We are always in constant battle for the rights to ourselves.  We fight for the rights of our bodies and we fight for the rights of our spirits.  From a Materialists point of view, the body and it's machinations are all that matter.  Anything resembling a spirit or soul is merely an evolutionary illusion.  The Gnostics, then and now shun the material world, seeing the physical being as mere extra weight to be shed to get to the real self.  These are two worldviews on opposite ends of the spectrum and I have oversimplified them both.  But I do so to express how glorious and comprehensive Christianity is.  More specific, it is Christ himself that makes the world, that makes us whole.  Christ, existing in the heavenly realm, became a man to exist in the earthly realm...on Earth as it is in heaven.  Materialism invites you to escape to your physical comforts.  Gnosticism invites you to discard the concerns of your body, because you are in fact a spirit.  Christ promises something more and something real, that your Spirit exists now and for all time and it has a body and that body, like the whole Earth will be made new.  You only need to believe and upon believing invite the living and breathing Christ to rescue you from an eternity of decay.

Philippians 3
 For, as I have often told you before and now tell you again even with tears, many live as enemies of the cross of Christ. 19 Their destiny is destruction, their god is their stomach, and their glory is in their shame. Their mind is set on earthly things. 20 But our citizenship is in heaven. And we eagerly await a Savior from there, the Lord Jesus Christ, 21 who, by the power that enables him to bring everything under his control, will transform our lowly bodies so that they will be like his glorious body.

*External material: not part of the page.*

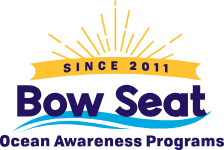 Expressing Ocean Awareness: How Halifax Art Studio Supports Students in the Bow Seat Ocean Awareness Contest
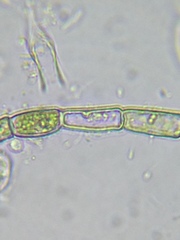 Rhizoclonium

We can shed neither the Body or the Spirit we can only (attempt) to surrender.  And we mustn't hold back one or the other, but both belong to God and in his hands we can be as he intended: Perfect.  And even when we stray far from that perfection, we can still claim the perfection of Jesus.

2 Corinthians 5
For we know that if the earthly tent we live in is destroyed, we have a building from God, an eternal house in heaven, not built by human hands. Meanwhile we groan, longing to be clothed instead with our heavenly dwelling, because when we are clothed, we will not be found naked. For while we are in this tent, we groan and are burdened, because we do not wish to be unclothed but to be clothed instead with our heavenly dwelling, so that what is mortal may be swallowed up by life. Now the one who has fashioned us for this very purpose is God, who has given us the Spirit as a deposit, guaranteeing what is to come.